WORK TO BE COMPLETED: Each line from the one holding "Spin Master 4" to the last line below must be restated word for word, and no picture may be included.

TASK MATERIAL:
◇ ◇ ◇ ◇ ◇ ◇ ◇
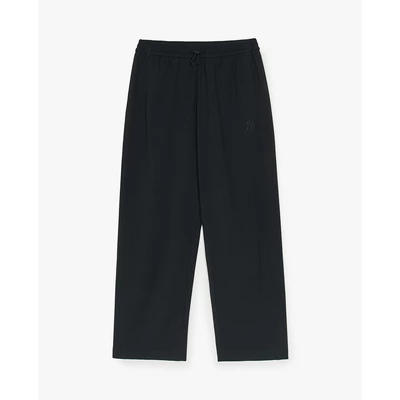 MLB - Quần dài unisex ống rộng Basic Small Logo_3APTB1153-50BKS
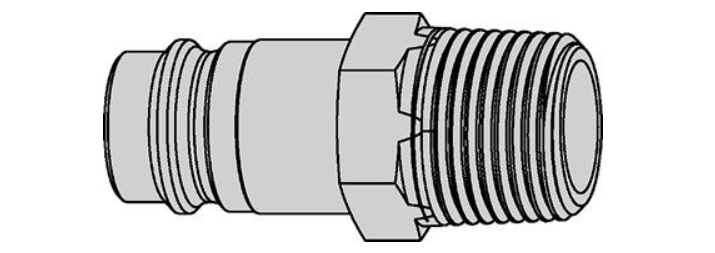 Cejn 410 Insticksnippel Hane 1/4"utv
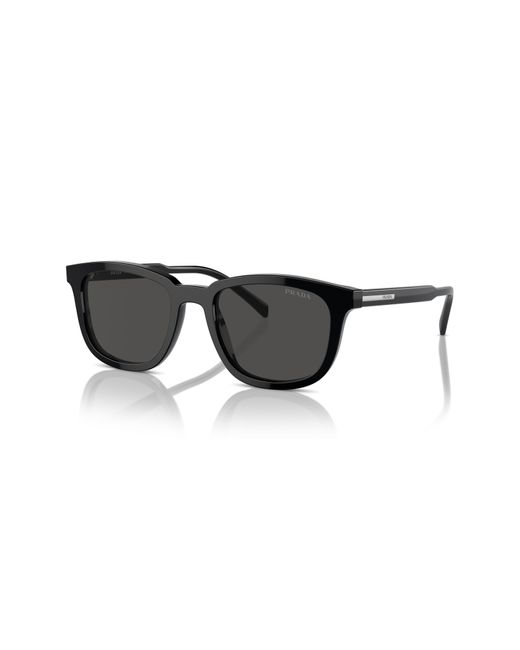 Prada Black 55mm Pillow Sunglasses for men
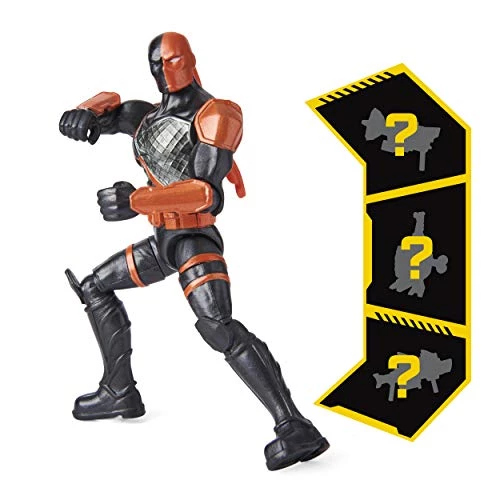 Toy Choo Choo DC Batman 2021 Deathstroke 4-inch Action Figure By Spin Master 4 Toy Choo Choo DC Batman 2021 Deathstroke 4-inch Action Figure By Spin Master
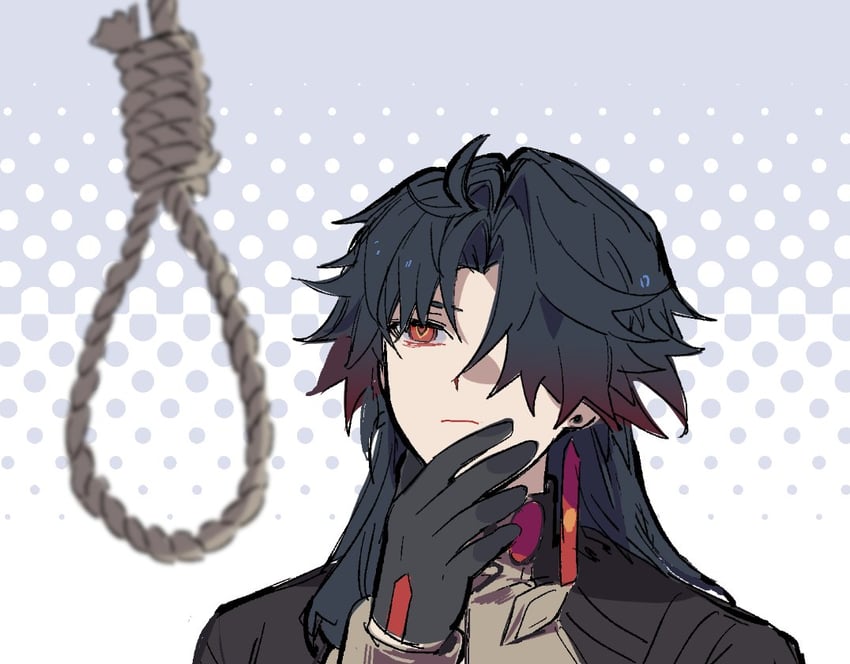 blade (honkai and 1 more) drawn by san_ystr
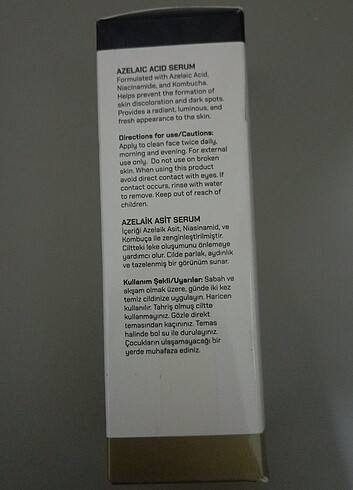 Piu Azeleik asit serum - Görsel 2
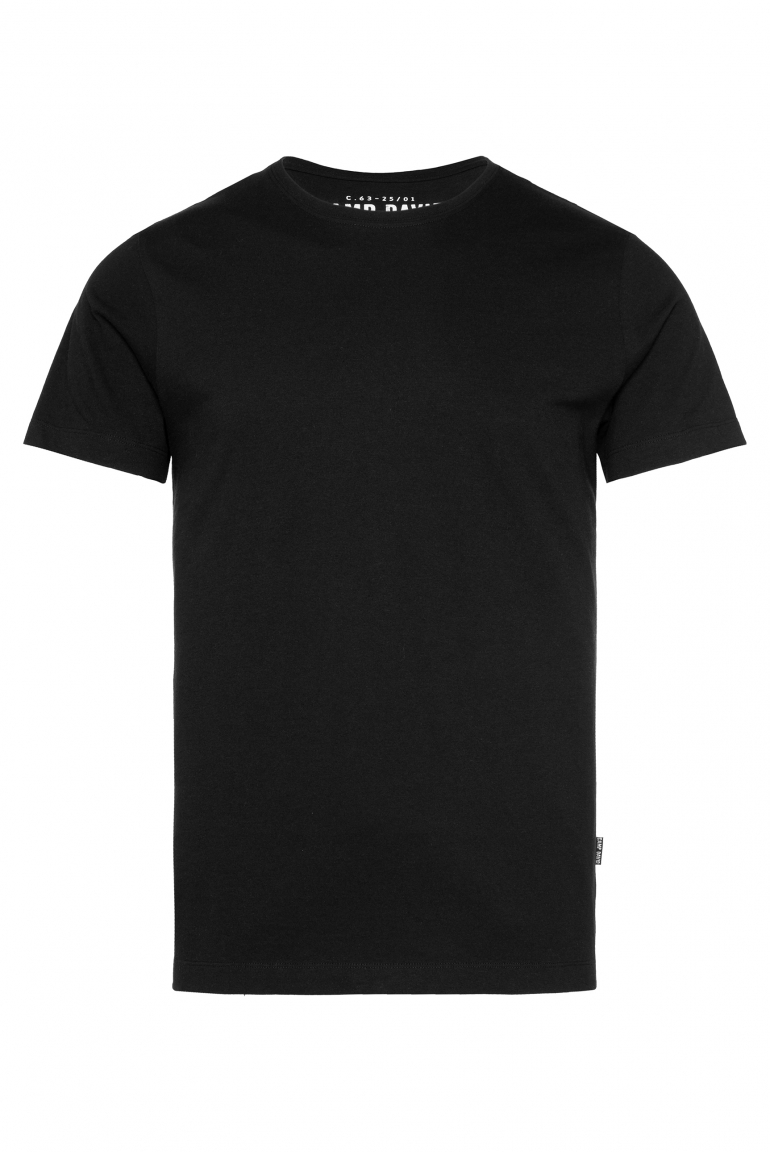 Basic T-Shirt  Rundhals 2er-Pack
◇ ◇ ◇ ◇ ◇ ◇ ◇
RESULT OF THIS TASK:
 Toy Choo Choo DC Batman 2021 Deathstroke 4-inch Action Figure By Spin Master 4 Toy Choo Choo DC Batman 2021 Deathstroke 4-inch Action Figure By Spin Master
 blade (honkai and 1 more) drawn by san_ystr
 Piu Azeleik asit serum - Görsel 2
 Basic T-Shirt  Rundhals 2er-Pack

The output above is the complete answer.